On my machine, this will eventually get stuck forever in the test. 

n.b. - if you find the test failing for this reason - http://rubyci.s3.amazonaws.com/freebsd13/ruby-master/log/20230517T003001Z.fail.html.gz - that's a _different_ issue, in Ruby itself, that I am trying to fix - that's how I discovered this deadlock thing...

---

I've attached a pair of backtraces I got from attaching gdb to the process. I don't really know where to go from here to debug the issue though; I can't seem to make it happen in a similar C program, and by inspection I can't really see why there's a deadlock at all. I can't work out why the forking thread would hold any jemalloc locks, and I _really_ can't see why the new thread would hold any rtld locks.

Any thoughts? Thanks!
Comment 1 Konstantin Belousov freebsd_committer freebsd_triage 2023-05-18 17:44:25 UTC
Yes, this is indeed a bug in jemalloc.  It seems that the problem is that
malloc_mutex_prefork() from jemalloc/src/mutex.c does not lock _all_ jemalloc
mutexes, in particular, the extent mtx.

OTOH, note that after fork(), in multi-threaded process child, only async-signal
safe functions are guaranteed to work.
Comment 2 KJ Tsanaktsidis 2023-05-19 00:40:21 UTC
Thanks for your quick eyes.

>  It seems that the problem is that
malloc_mutex_prefork() from jemalloc/src/mutex.c does not lock _all_ jemalloc
mutexes, in particular, the extent mtx.

I guess I could try patching this and see if it makes the deadlocks on my machine go away. I'll give it a go over the weekend and report back!

> OTOH, note that after fork(), in multi-threaded process child, only async-signal
safe functions are guaranteed to work.

Yeah.... this is unfortunately very common in the Ruby world though, because of a combination of two things:

* Gems (especially gems by monitoring providers like Datadog, Sentry, NewRelic, etc) that maintain background threads (to e.g. report metrics & exceptions asynchronously to some central service)
* Pre-forking webservers (like Unicorn) are frequently used to get good use of multi-core machines (since only one Ruby thread can run Ruby code at a time).
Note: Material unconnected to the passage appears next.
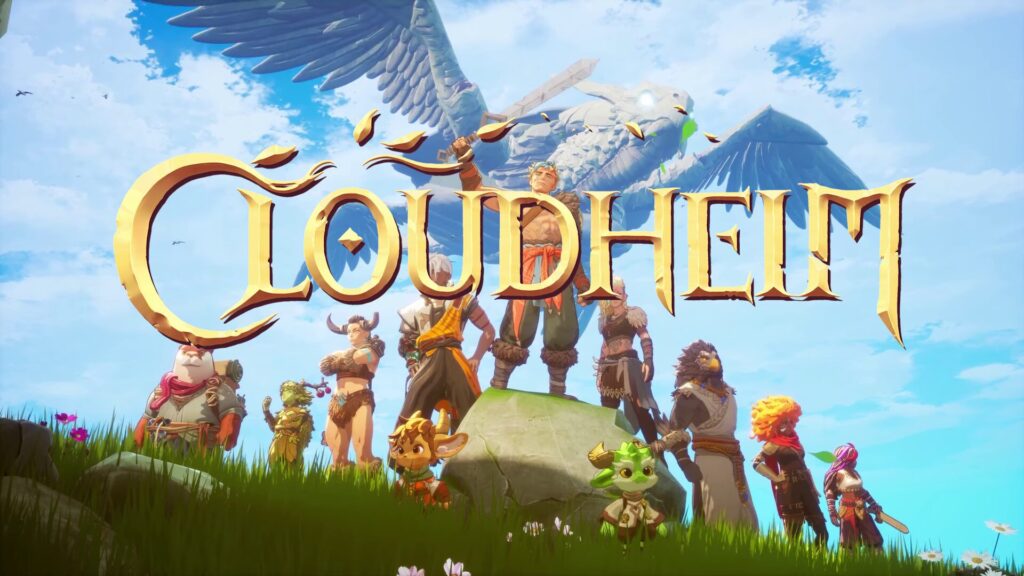 Cloudheim - Logo and Key Art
These webservers often load all of an applications gems, and _then_ fork workers, to get good use of shared copy-on-write pages.
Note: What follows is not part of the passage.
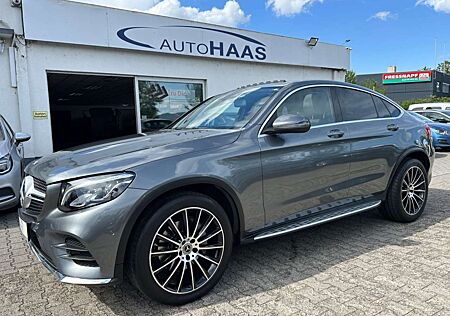 Mercedes-Benz GLC 250 4Matic Coupe*AMG*LEDER*LED Hi.P*20 Zoll*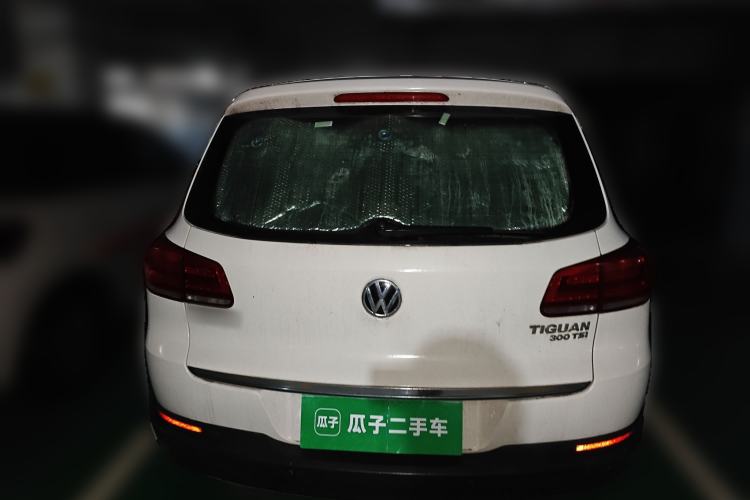 Used Volkswagen Tiguan 2015 1.8TSI Automatic Two-Wheel Drive Luxury Model Rear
Most gems that maintain background threads install after_fork hooks to restart them when they're used inside preforking webservers.

The documentation for fork(2) does say:

> The FreeBSD implementation of fork() provides a usable malloc(3), and rtld(1) services in the child process.

when referring to multi-threaded forks, so I guess _this_ is supposed to work. I do note however that the man page says nothing about DNS resolution working in the child of a multithreaded fork :/ but that's a problem for another day (maybe Ruby ensures that the resolver is not in use before forking? I haven't looked)
Comment 3 Konstantin Belousov freebsd_committer freebsd_triage 2023-05-19 04:26:50 UTC
Yes, I was too optimistic in stating that in the fork(2) man page.

Problem with the complete fix is that all jemalloc(2) locks needs to be taken
in pre-fork hook, in the right order.
Comment 4 Konstantin Belousov freebsd_committer freebsd_triage 2023-05-19 05:31:22 UTC
Can you please provide me the stand-alone ruby program that demonstrates the
problem in non-disputable way, and the exact instructions how to launch it?
Comment 5 KJ Tsanaktsidis 2023-05-19 11:20:15 UTC
> Can you please provide me the stand-alone ruby program that demonstrates the
problem in non-disputable way, and the exact instructions how to launch it?

Unfortunately I still haven't been able to isolate the problem outside of the actual Ruby test harness.... so this is all a bit involved. I've been trying to develop a minimal reproduction (with either C or Ruby) but I haven't had any luck so far.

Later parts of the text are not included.